Mission to Please is a studio album by the Isley Brothers. It was released on May 14, 1996, on Island Records and group's own label, T-Neck Records. The last Isley Brothers album to feature youngest brother Marvin Isley, who left the group in 1997 because of complications from diabetes and died in June 2010, it was a return to commercial glory for the group in the years following their platinum-certified album Between the Sheets (1983).

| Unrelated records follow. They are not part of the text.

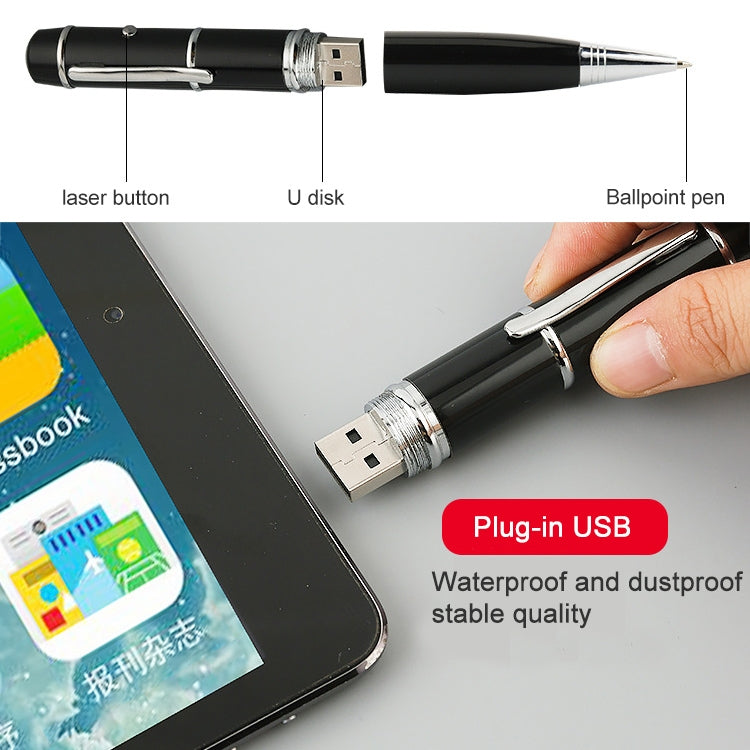 3 in 1 Laser Pen Style USB Flash Disk,16GB (Black)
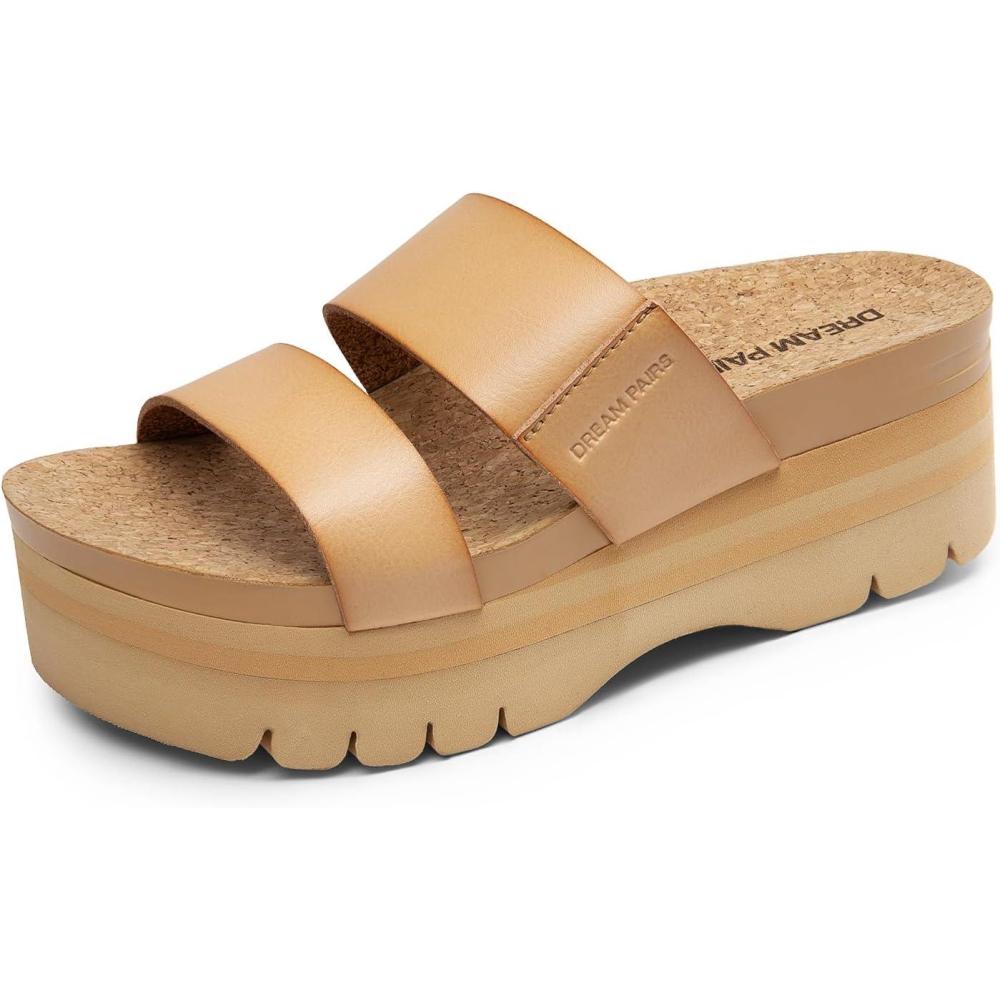 imageDREAM PAIRS Womens Platform Slides Sandals Comfortable Arch Support Footbed Two Strap Slipon Fashion Beach Wedge SandalsNude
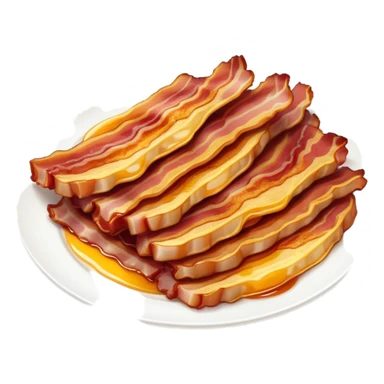 Cinematic crispy sizzling bacon, slightly curled, golden-brown with a perfect crunch, glistening with rich flavor, deep warm tones, served on a breakfast plate, comforting and indulgent. sticker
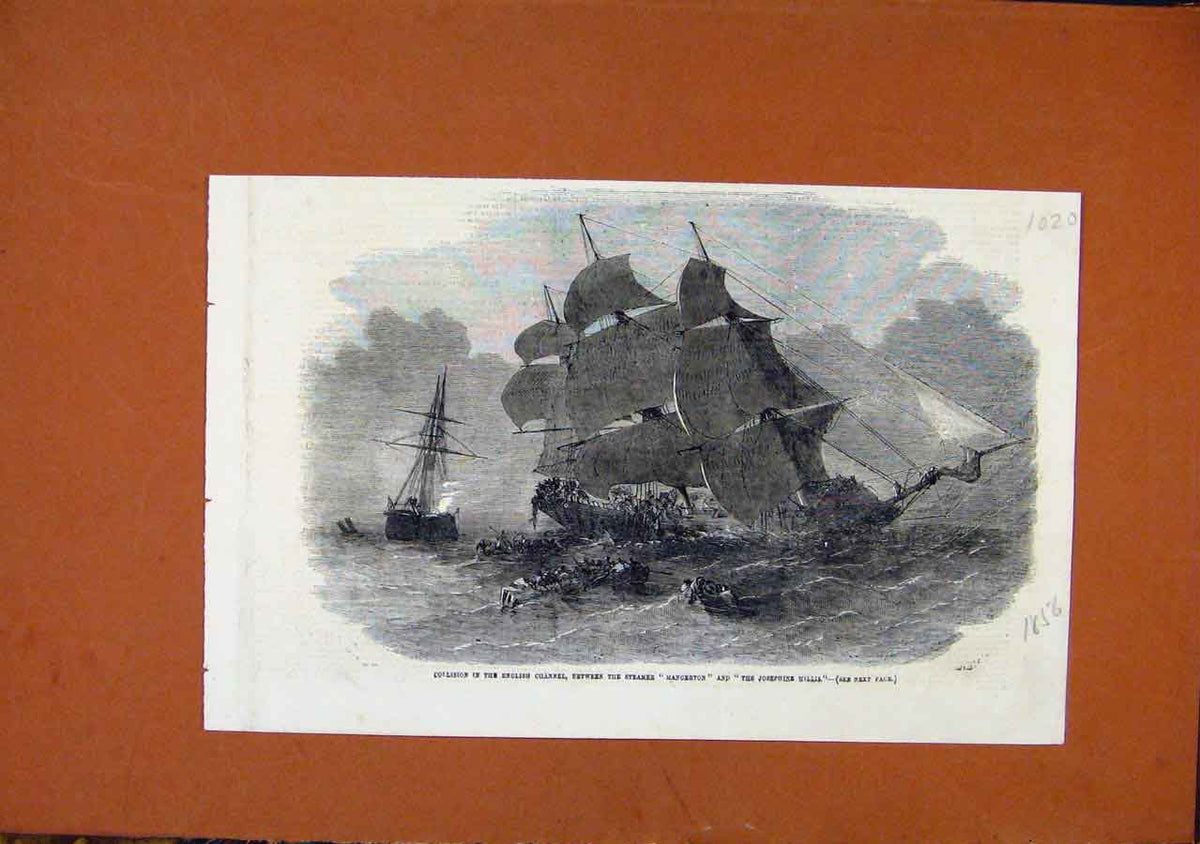 Old Antique Print Collision English Channel Steam Boats C1856 London News 19th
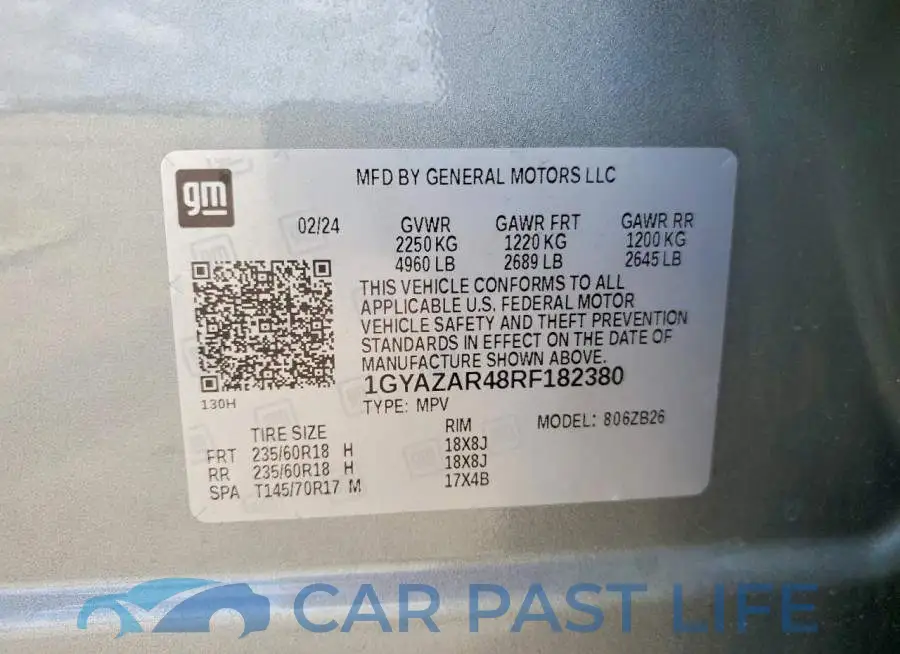 1GYAZAR48RF182380# 12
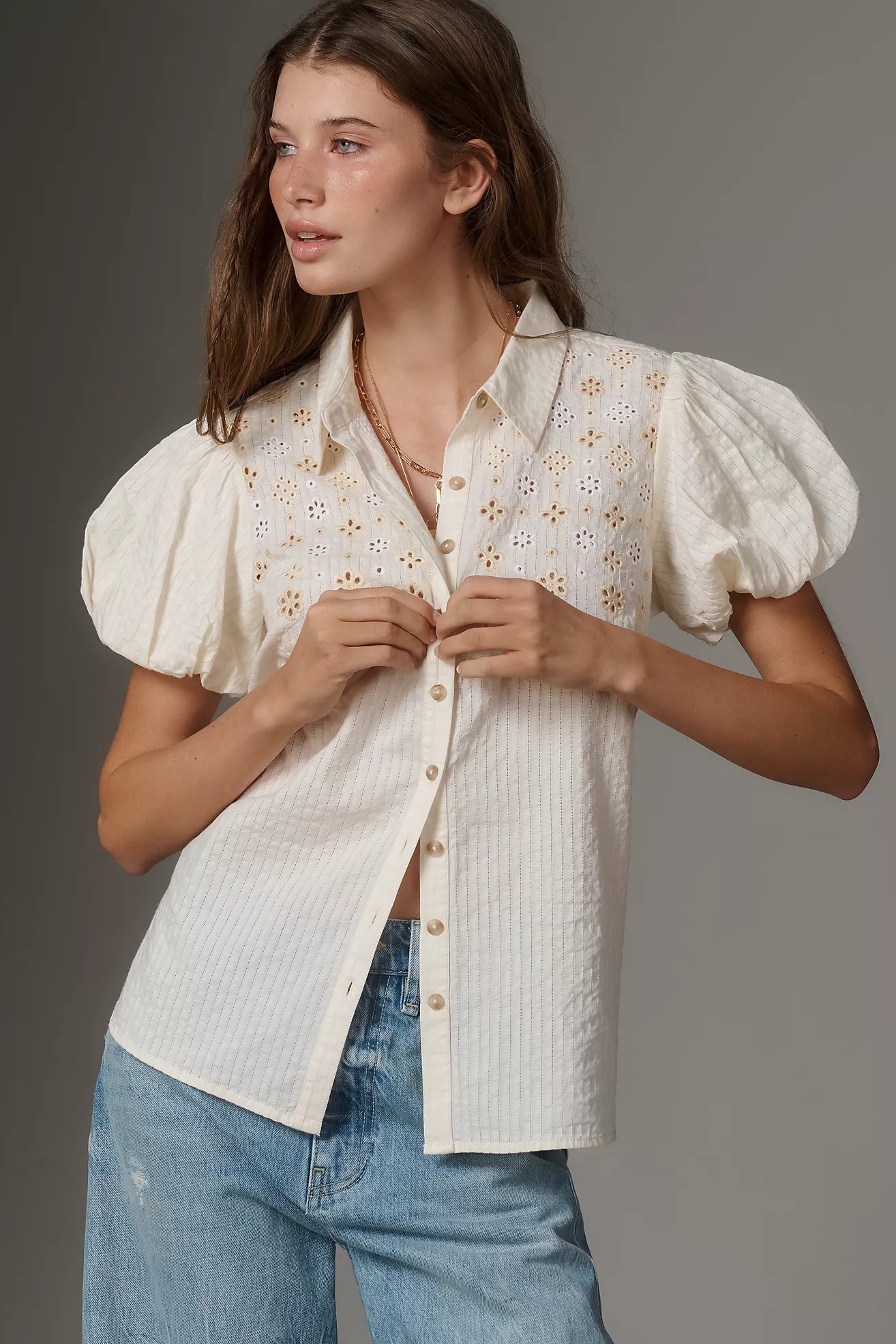 The Aly Eyelet Puff-Sleeve Blouse by Pilcro | Anthropologie (US)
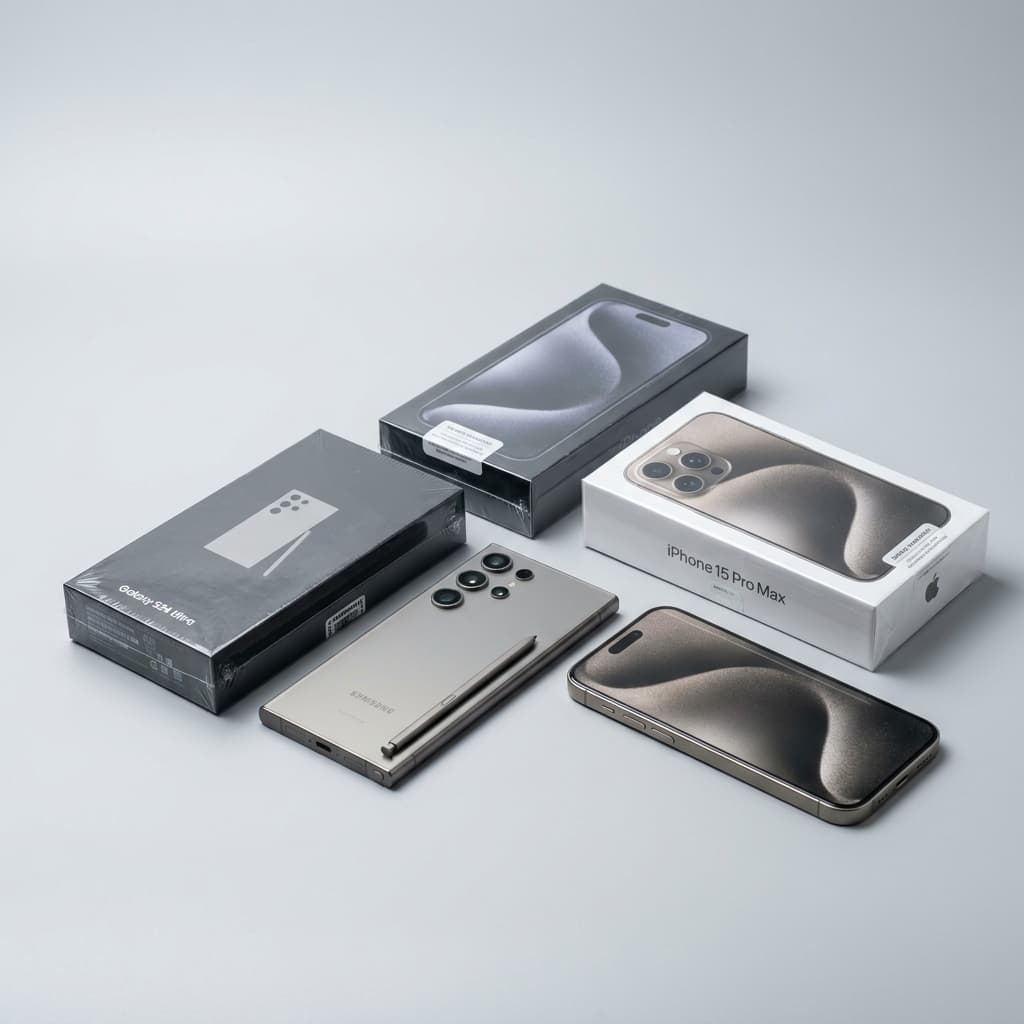 Brand new factory-sealed smartphones including iPhone and Samsung Galaxy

The album went platinum based on the strength of the charted singles "Let's Lay Together," a new duet with R. Kelly after the success of "Down Low (Nobody Has to Know)" (1995); the Babyface-composed ballad "Tears"; "Floatin' on Your Love," with Angela Winbush (Ronald Isley and she were married from 1993 to 2002); and the mid-'90s quiet-storm radio staple "Mission to Please You."

==Critical reception==

AllMusic editor Stephen Thomas Erlewine called the album "their strongest efforts of the latter part of their career" and found that Mission to Please had the Isley Brothers "capitalize on the smooth love ballads epitomized by crooners like Babyface, Keith Sweat, and R. Kelly [...] The majority of the songs on the album are first-rate '90s contemporary R&B, and those that aren't quite as strong make for pleasing filler. As a result, Mission to Please is a testament to the talents of not only the Isley Brothers, but also their far-reaching influence."

Professional ratings
Review scores
| Source | Rating |
| AllMusic | Star |
| Muzik | Star |

==Commercial performance==
Mission to Please debuted and peaked at number 31 US Billboard 200 in the week of June 1, 1996. It marked the Isley Brothers' highest-charting project since their 1983 album Between the Sheets. The album was certified Gold by the Recording Industry Association of America (RIAA) on July 16, 1996, and reached Platinum status on January 23, 1997. Billboard ranked Mission to Please 13th on its 1996 Top R&B/Hip-Hop Albums year-end chart.

==Track listing==

Notes
- ^{} denotes co-producer

Mission to Please track listing
| No. | Title | Writer(s) | Producer(s) | Length |
|---|---|---|---|---|
| 1. | "Floatin' On Your Love" (with Angela Winbush) | Reggie Griffin; Ronald Isley; Winbush; | R. Isley; Winbush; Griffin^{[a]}; | 4:09 |
| 2. | "Whenever You're Ready" | Griffin; R. Isley; Winbush; | R. Isley; Winbush; Griffin^{[a]}; | 4:50 |
| 3. | "Let's Lay Together" | R. Kelly | Kelly | 4:32 |
| 4. | "Tears" | Babyface | R. Isley; Winbush; | 4:45 |
| 5. | "Can I Have a Kiss (For Old Time's Sake)?" | Kelly; Winbush; | Kelly | 4:46 |
| 6. | "Mission to Please You" | Kelly; R. Isley; Winbush; | Kelly; R. Isley; Winbush; | 4:27 |
| 7. | "Holding Back the Years" | Mick Hucknall; Neil Moss; | R. Isley; Winbush; | 5:30 |
| 8. | "Make Your Body Sing" | Griffin; R. Isley; Winbush; | R. Isley; Winbush; Griffin^{[a]}; | 4:06 |
| 9. | "Let's Get Intimate" | Ernie Isley; R. Isley; Winbush; | R. Isley; Winbush; | 5:57 |
| 10. | "Slow Is the Way" | Emanuel Officer; Keith Sweat; | Sweat | 4:55 |
| Total length: |  |  |  | 45:57 |

==Charts==

===Weekly charts===

Weekly chart performance for Mission to Please
| Chart (1996) | Peak position |
|---|---|
| US Billboard 200 | 31 |
| US Top R&B/Hip-Hop Albums (Billboard) | 2 |

===Year-end charts===

1996 year-end chart performance for Mission to Please
| Chart (1996) | Position |
|---|---|
| US Billboard 200 | 112 |
| US Top R&B/Hip-Hop Albums (Billboard) | 13 |

1997 year-end chart performance for Mission to Please
| Chart (1997) | Position |
|---|---|
| US Top R&B/Hip-Hop Albums (Billboard) | 60 |

==Certifications==

Certifications for Mission to Please
| Region | Certification | Certified units/sales |
| United States (RIAA) | Platinum | 1,000,000^{^} |
^{^} Shipments figures based on certification alone.